Exactly and only the lines below from the one containing "What is the" down to the one containing "So eJunkie is" are wanted, both included; please exclude every picture.

PROVIDED MATERIAL:

Start of Block

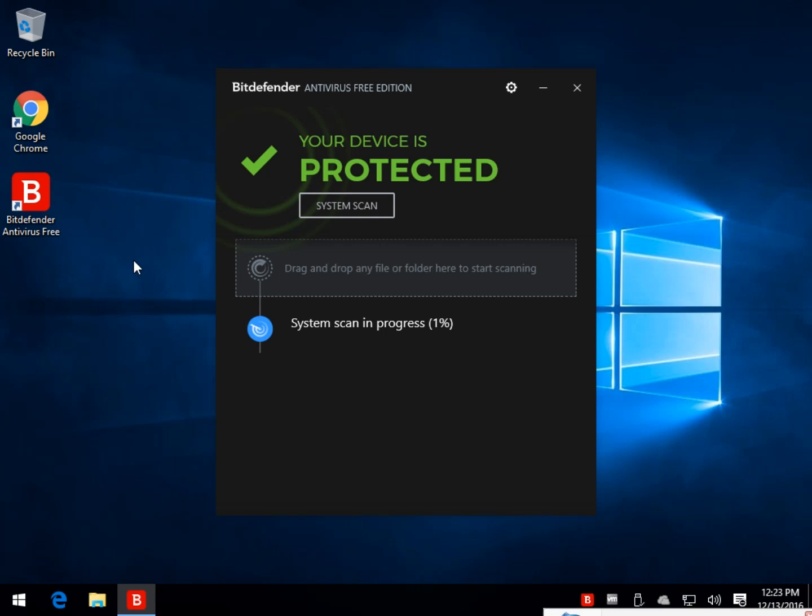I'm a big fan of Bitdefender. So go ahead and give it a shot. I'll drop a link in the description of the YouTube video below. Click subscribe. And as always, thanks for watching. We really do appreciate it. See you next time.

End of Block
Start of Block

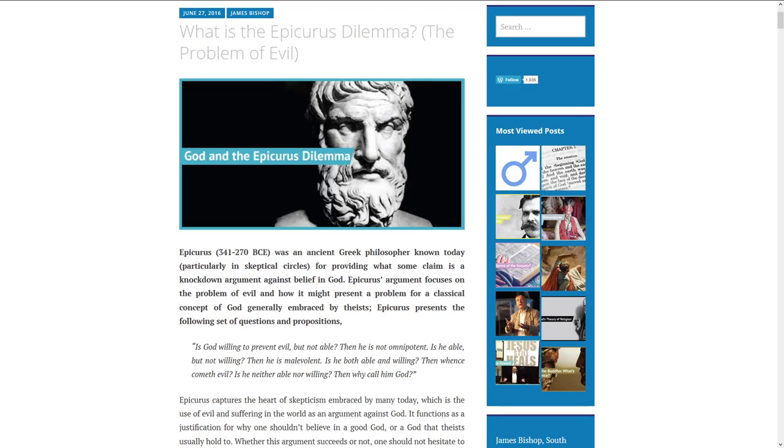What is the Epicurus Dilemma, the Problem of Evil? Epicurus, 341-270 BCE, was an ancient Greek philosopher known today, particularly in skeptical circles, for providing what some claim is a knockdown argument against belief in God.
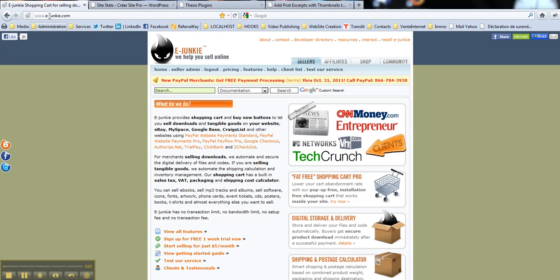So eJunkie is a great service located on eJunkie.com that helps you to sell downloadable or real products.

End of Block

RESULT OF THIS EXERCISE:
What is the Epicurus Dilemma, the Problem of Evil? Epicurus, 341-270 BCE, was an ancient Greek philosopher known today, particularly in skeptical circles, for providing what some claim is a knockdown argument against belief in God.
So eJunkie is a great service located on eJunkie.com that helps you to sell downloadable or real products.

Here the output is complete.